Pada aras kebudayaan, hal ini yang melahirkan esensialisme; budaya satu lebih adiluhung dari budaya lain, rasionalisme tidak cocok dengan Timur, atau demokrasi terpimpin (Soekarno) lebih sesuai dengan jati diri bangsa. Berbagai penunggalan esensi ini tentu mencipta esensi lain yang berbeda, dengan penahbisan kebenaran hanya pada diri. Hal ini problematis, karena segenap konsepsi kebenaran tak bisa terlepas dari permainan tanda dan diferensi bahasa. Ini yang membuahkan differance, di mana makna tidak lagi merupa kebenaran yang mengada (Being), tetapi sebuah proses penafsiran yang terus menjadi (becoming), tanpa akhir.
Hal sama terjadi pada level struktural yang telah memosisikan kebudayaan sebagai sekrup politik. Paradigma sistem kemudian menjelmakan kesadaran palsu, di mana kebudayaan ditangani secara komponensial; ia selayak elemen teknis yang bisa dibongkar pasang sesuai kebutuhan mesin. UUD 45 memang mengamanatkan negara untuk menjamin sekaligus memajukan kebudayaan nasional. Tetapi hal ini bahkan mencipta contradictio in terminis, karena negara terbentuk dari otoritas represif, sementara kebudayaan lebih merupa pijak dan rem moral yang lahir dari hukum dasariah manusiawi. Watak filosofis dari kebudayaan yang merujuk pada pencarian kebenaran akhir (final causes) akan berbenturan dengan corak rasionalitas negara yang mengacu pada teknokrasi. Bagi yang pertama, kesungguhan menaati nilai yang menjelma tuju, sementara yang kedua, kepentingan menggunakan sesuatu (technical know how) yang menjadi ukuran.

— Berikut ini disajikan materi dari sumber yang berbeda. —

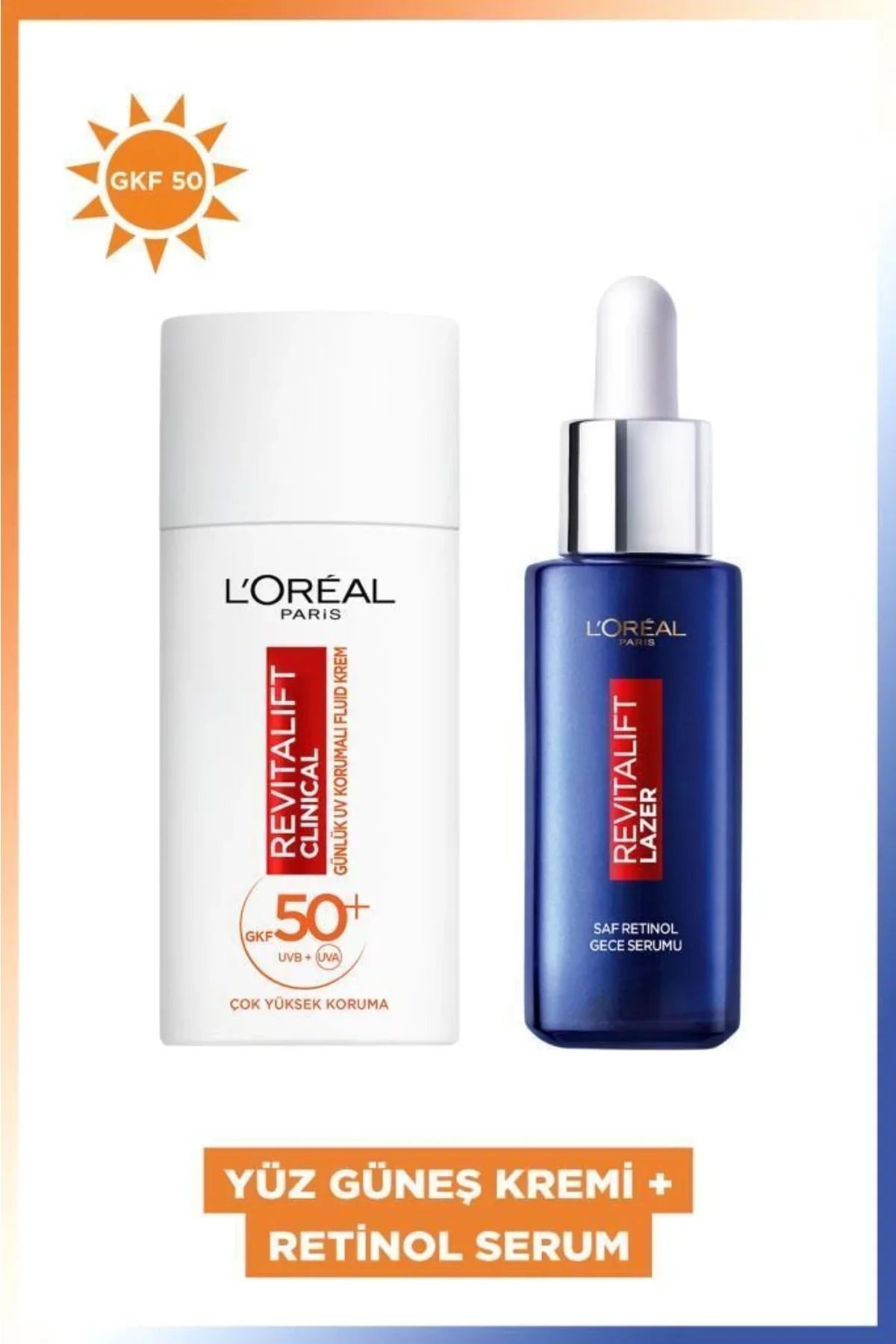 Revitalift Clinical SPF 50+ face sunscreen 50ml & revitalift laser pure retinol night serum 30ml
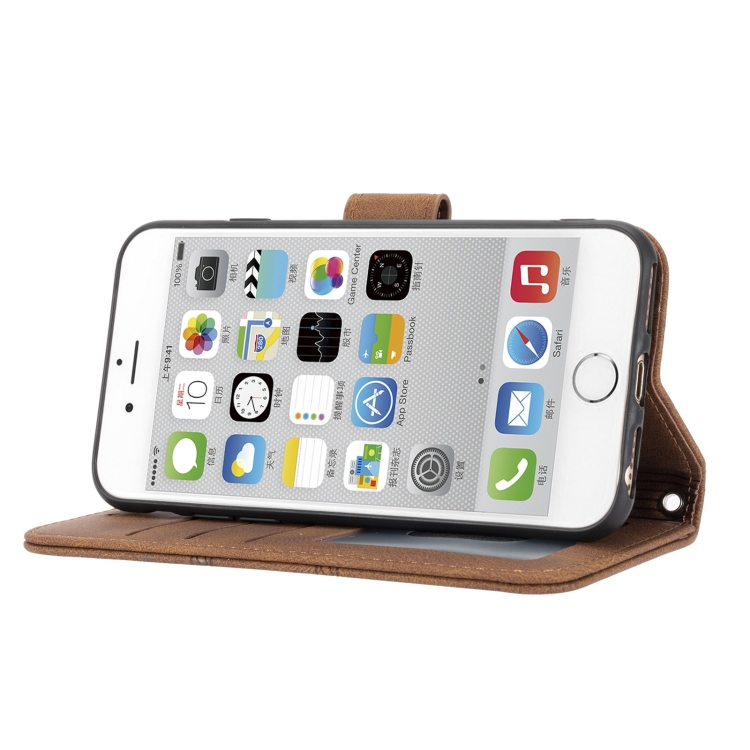 For iPhone 8 / 7 / 6 Embossed Striped Magnetic Buckle Horizontal Flip Leather Case with Holder & Card Slot & Wallet & Photo Frame & Sling(Brown) For iPhone 8 / 7 / 6 Embossed Striped Magnetic Buckle Horizontal Flip Leather Case with Holder & Card Slot & Wallet & Photo Frame & Sling(Brown)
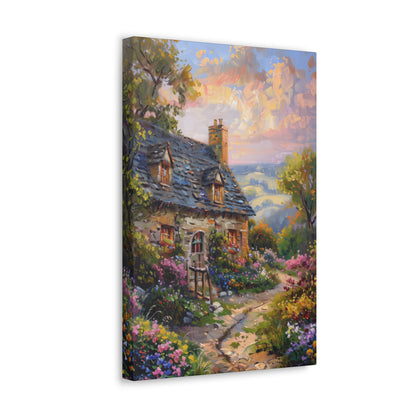 rich countryside house with garden in medieval times Digital Oil Painting Print Canvas Gallery Wraps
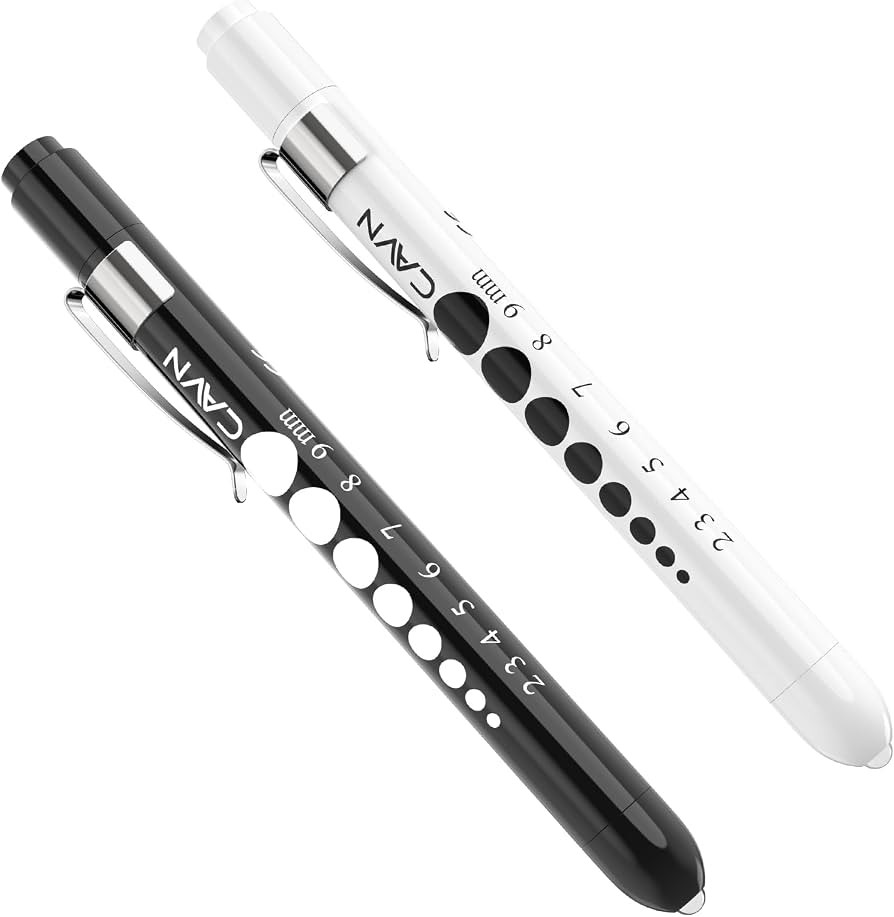 CAVN Pen Light with Pupil Gauge LED Penlight for Nurses Doctors, 2 Pcs Reusable Medical Penlight ... | Amazon (US)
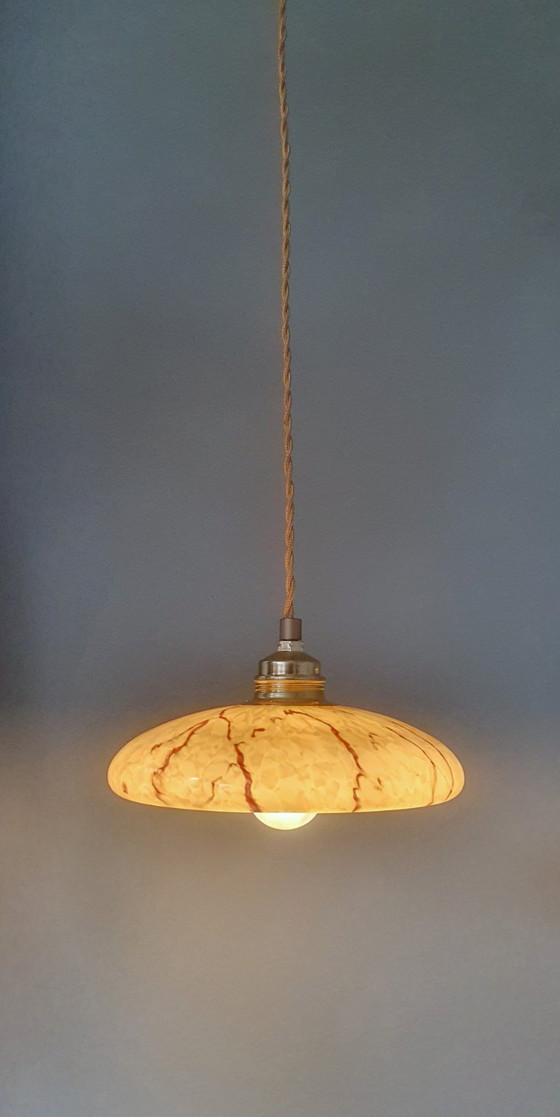Image 1 of Suspension vintage - verre opalin - abat-jour marbré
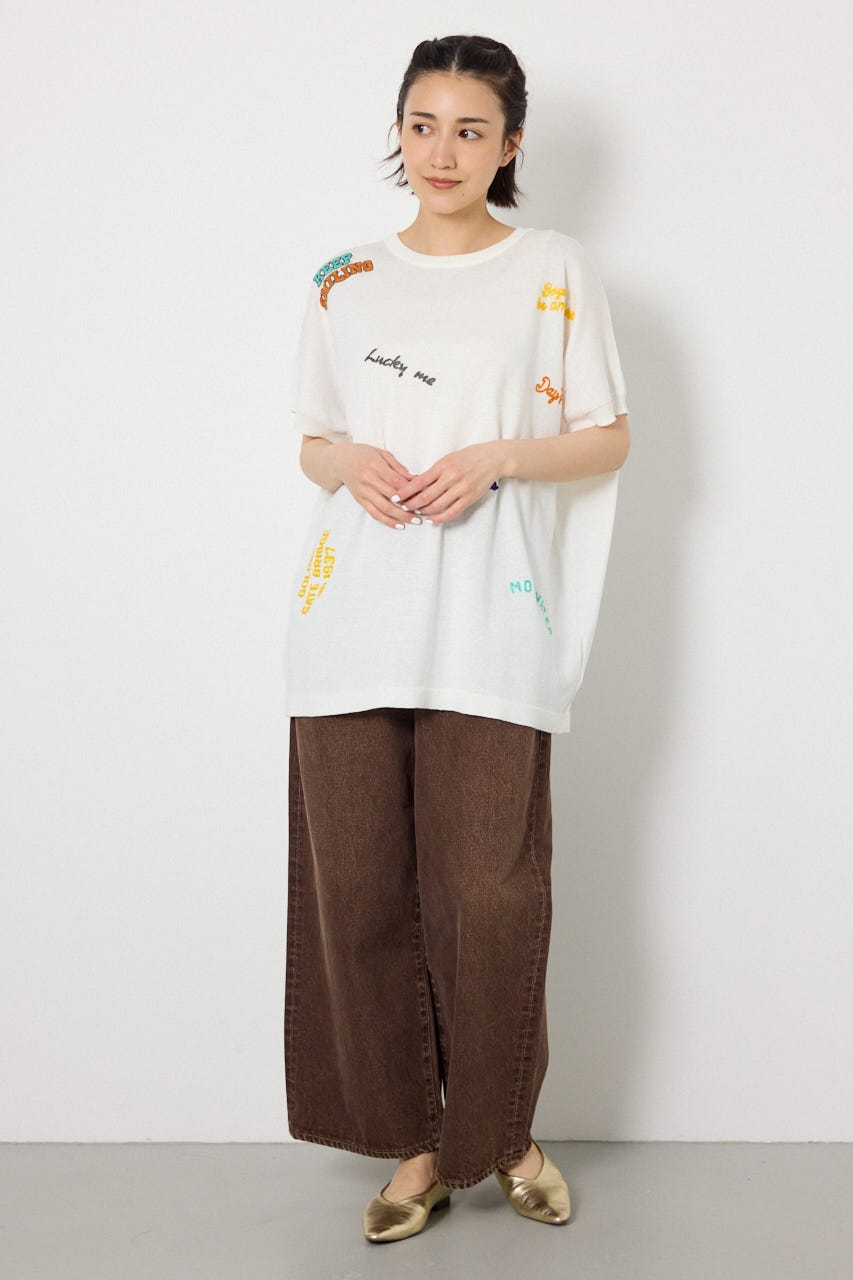 G.V embroideryニットトップス O/WHT FREE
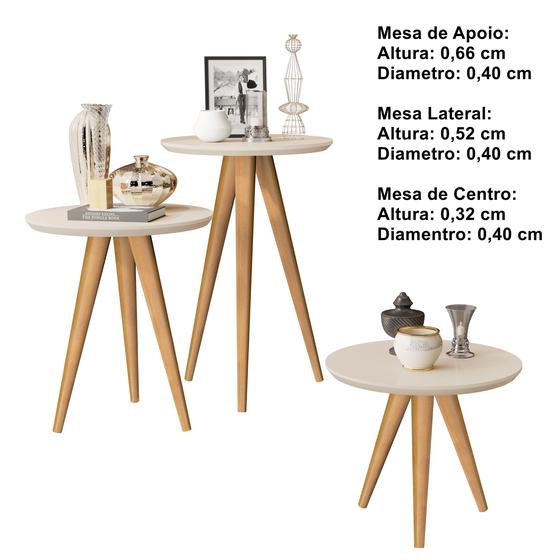 Imagem de conjunto 3 mesas sala retrô pés palito, centro, lateral e apoio havana - off white - Comprar Moveis Em Casa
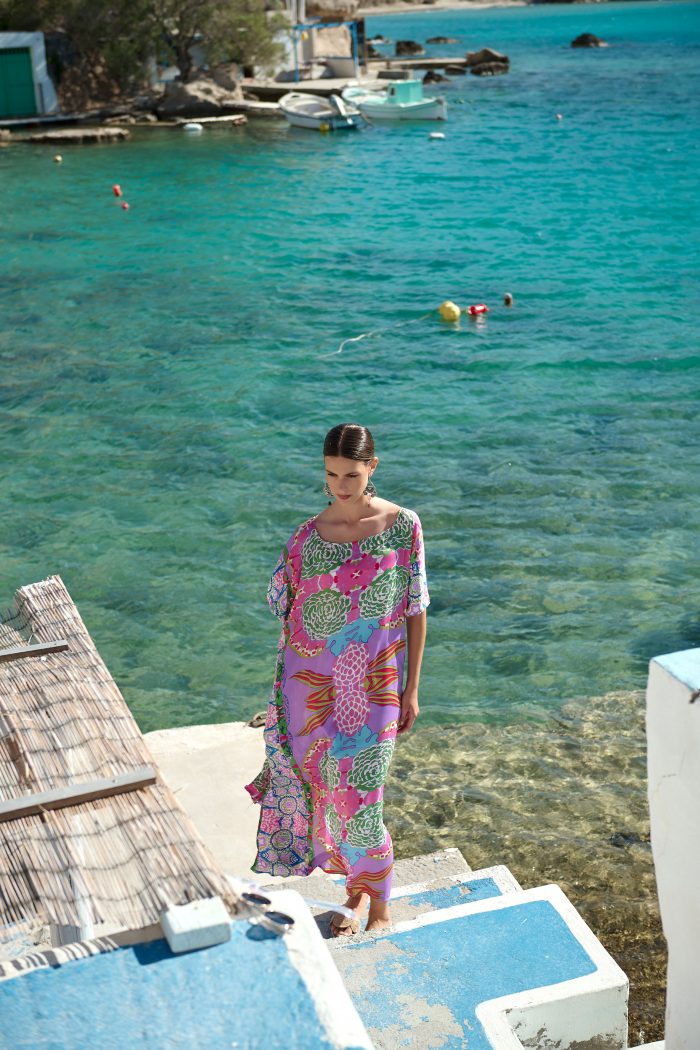 Μακρύ Καφτάνι Με Boho Print Σε Λιλά Φόντο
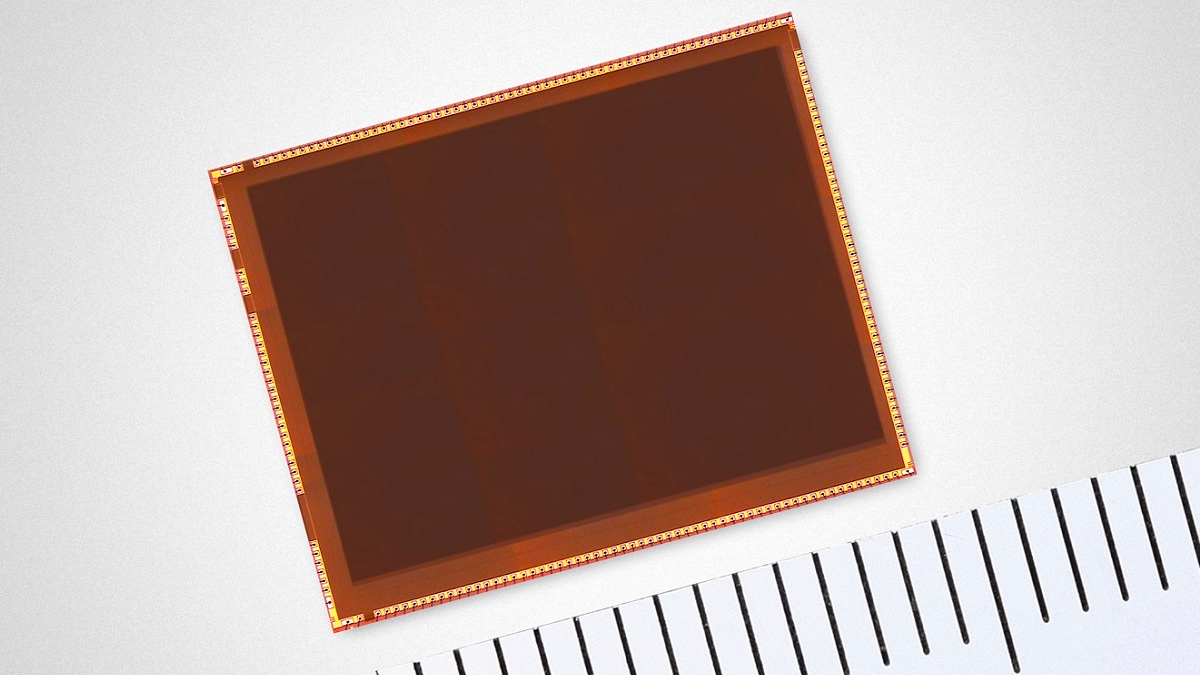 An image of a square - shaped chip on a white surface.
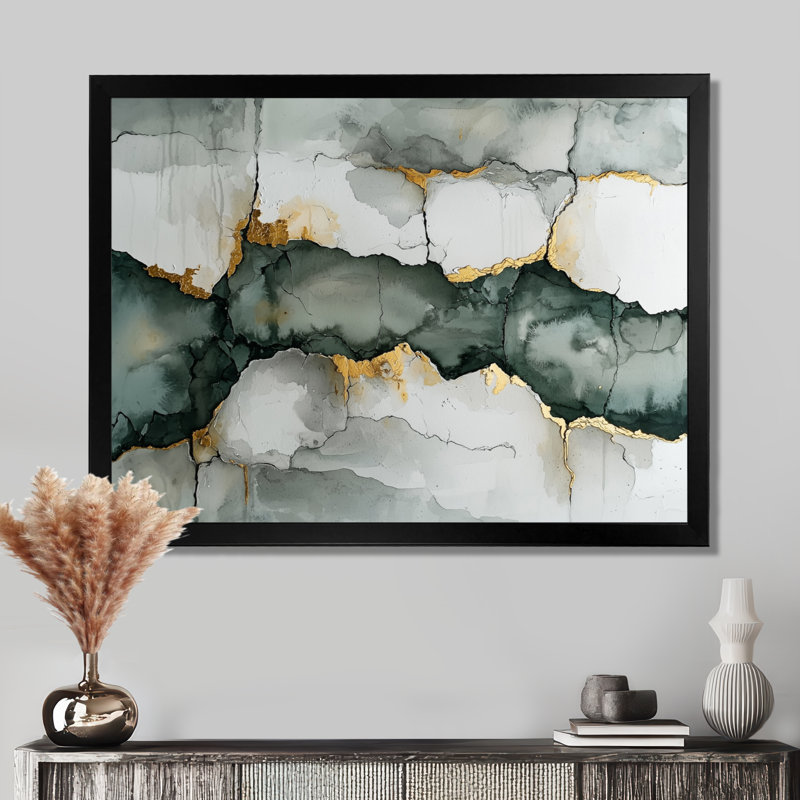 Blanc et gris «Silence of Perception II» - Art mural abstrait minimaliste, H 30 po x l 40 po, Cadre simple, Noir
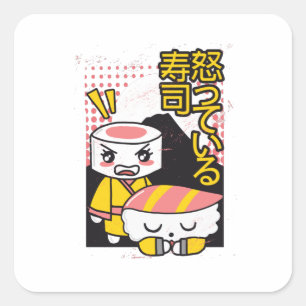 Sticker Carré Funny Sushi Karate Fighters Design de dessin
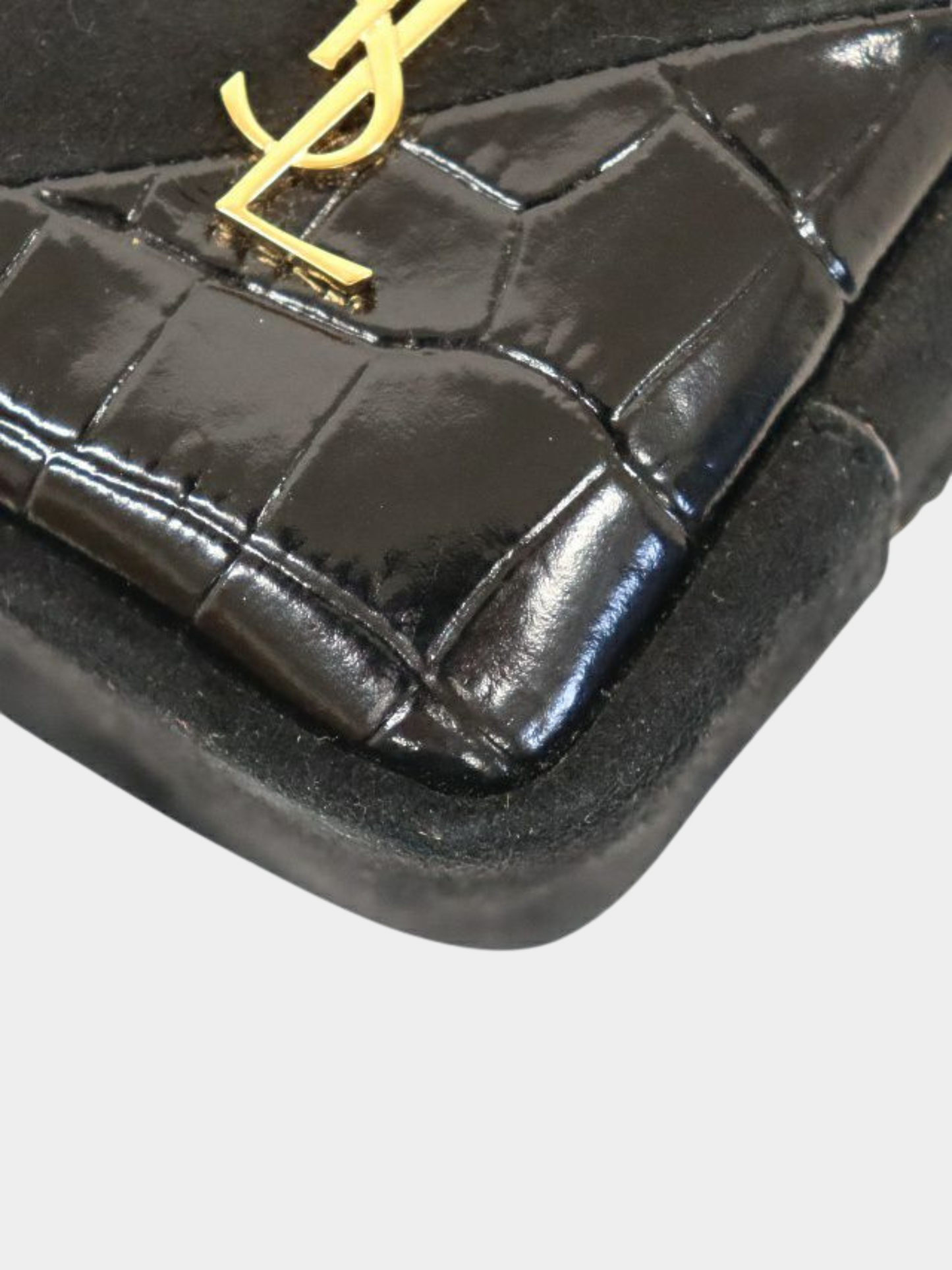 Yves Saint Laurent 2000s Black Embossed Leather Jamie Pouch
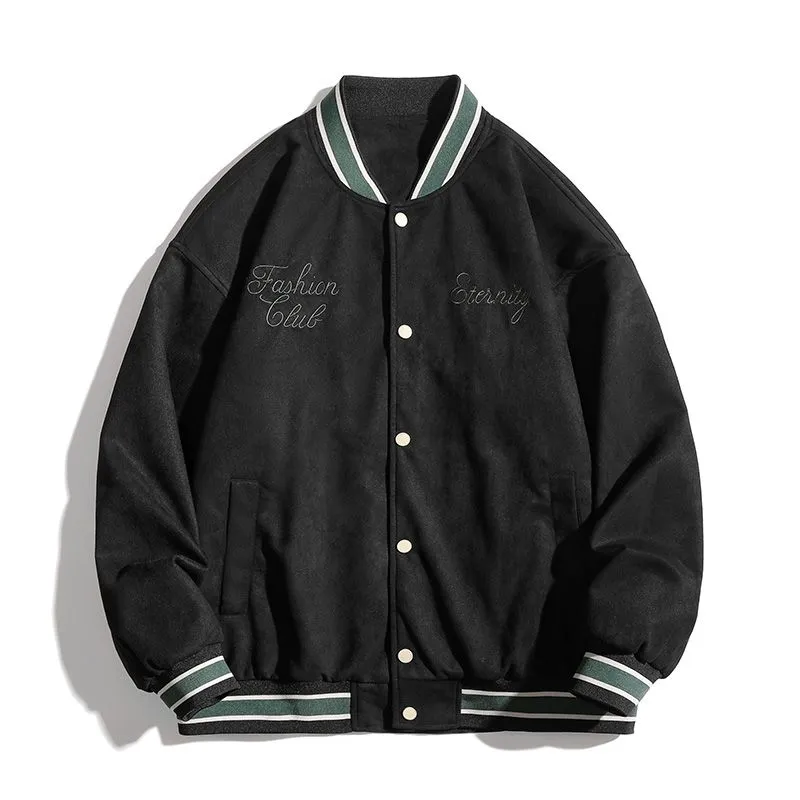 Retro Solid Varsity Jacket with Elastic Band Cuffs and Hem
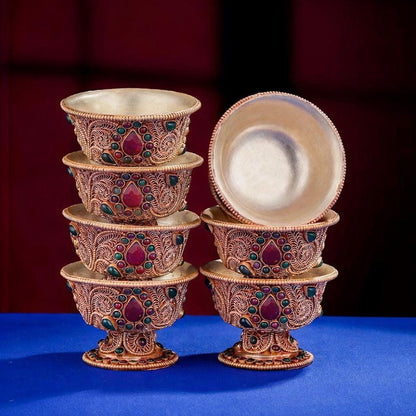 Handmade Silver Plated Copper Water Offering Bowl, 8cm Filigree Cup Inlaid with Gemstones, Tibetan Ritual Altar Supplies, Spiritual Gift
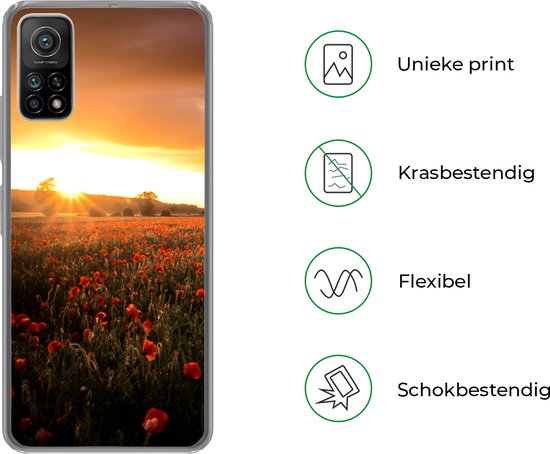 Coque Xiaomi Mi 10T 5G - Coucher de soleil sur les coquelicots en Angleterre - Coque de téléphone en Siliconen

Tentu fakta ini sudah terkritik, melalui penyingkapan politis, ilmu sosial dan kekuasaan. Segenap proyek logos semisal pembangunan yang memosisi kebudayaan sebagai mesin koersif, telah dibongkar oleh sifat kritis dari kebudayaan itu sendiri yang kini tergulat dalam ranah kekuasaan. Tak ada lagi kebenaran yang harus dipaksakan, karena sistem kini tak terlihat sebagai politik kesejahteraan, tetapi sebuah regulasi nilai demi pendisiplian tubuh (disciplinary). Kesatuan makna, politik, dan institusi sosial kini lebih terlihat sebagai praktik governmentality, di mana kekuasaan telah memanfaatkan kebenaran sebagai teknologi pengetahuan. Dari sini, pergulatan kebudayaan tak lagi mengikat tanya; bagaimana sesuatu seharusnya bersikap, tetapi bagaimana kekuasaan memanfaatkan kebenaran demi reproduksi diri? Satu hal yang menurunkan kebudayaan dari langit idealisme-filosofis, kepada kritik atas kekerasan simbolik demi tergeraknya katarsis politik.